Like others it understands the new politics in terms of a tectonic shock to the two party system. It says:
the election has delivered a severe shock to the predominantly two-party system that has served the nation well since federation. In itself, the breaking down of rusted-on, tribal voting patterns of the past is no bad thing. A modern, technically savvy and more politically literate nation is always going to question the old verities. But both major parties are paying the price of underestimating voters and for taking their loyalty for granted.
Most commentators agree on that. What then, given the emergence of the three country Independents, the big electoral shift to The Greens, and the refusal of both major parties to acknowledge and accept that ''good economic management'' also means devising the best way to tackle climate change?
The Australian's editorial is crystal clear and direct as to what the 3 Independents must do in the national interest:
It would be tempting for the three independents from regional areas to enter a Dutch auction or to allow past bitterness with the Nationals to sway their judgment. They must act purely in the interests of their voters, who have overwhelmingly rejected Labor. All other things being equal, common sense, not to mention the national interest in stable government, would lead them to back Mr Abbott.

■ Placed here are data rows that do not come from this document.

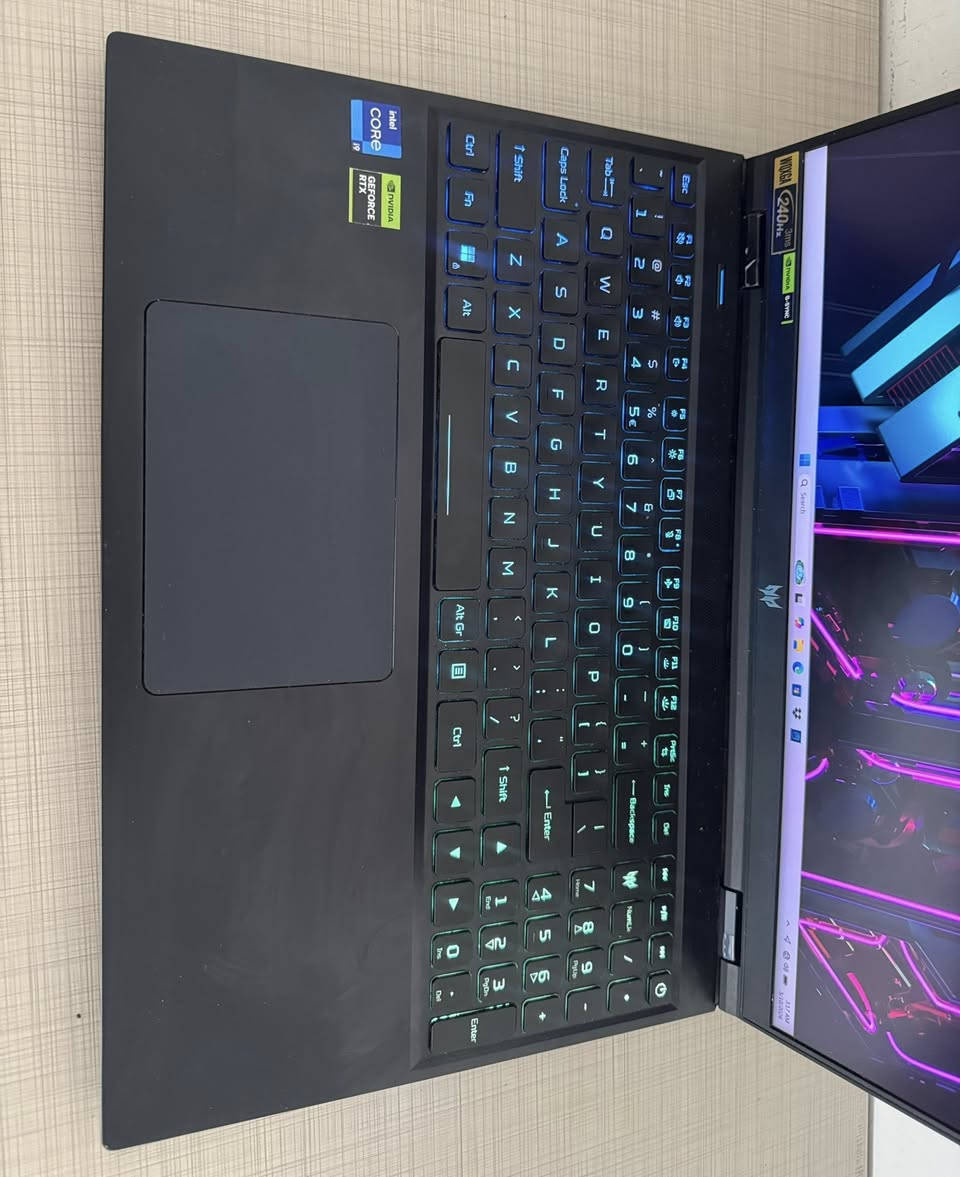 لابتوب للبیع نضیف بدون مشکلە 

Acer Predator Helios 16S
Cpu: Core i9 - 13900HX (24 Core&32Thread🏁)
GPU: RTX 4070 (140WATT🔥)
Ram: 16 DDR5 5600MGHz (2 Slots empty🥶)
Hard: 1 Tera SSD NVME 
Display: 16” WQXGA(2560x1600) 2K+ LCD IPS 240Hz 
Battery 🔋: 90%
Keyboard: RGB 

سعر: میلیونین و ۱٠٠ الف و مجال 
توصیل موجود🚕


**إذا كنت صاحب هذا الإعلان وتريد حذفه لأي سبب، رجاءا أرسل رسالة إلى الدعم الفني**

That is clear. Labor must be tossed out of office. The Coalition, which represents authenticity, understands Australians much better than both the dysfunctional Labor machine men and the urban elites who have lost touch with the world beyond the inner cities.
This sounds like the old politics to me. The Australian's message is clear: Power is within the reach of the Coalition and Blue Australia must rule. The implication is that the Coalition's task is to cement power in 2013 or earlier, thereby consigning Labor's 2007-2010 government to a mere interlude across two decades of conservative rule. That is how things should be and the role of the 3 country Independents is to ensure that.
What of Labor then? What does it do when the Coalition entrenched in power for a decade or more. Well, The Australian has a clear message for Labor.
Labor's political class has paid a high price for losing touch with its heartland. The hemorrhaging of votes from both ends of the party is now confirmed and creates a Waterloo moment for Labor. It is being pushed to the Left by its Green wing but its future rests with its capacity to move more comprehensively to the centre-right inhabited by the new, aspirational, often self-employed enterprise class that wants competent service delivery, a tax system that rewards hard work, and a government that maintains a light touch over their lives.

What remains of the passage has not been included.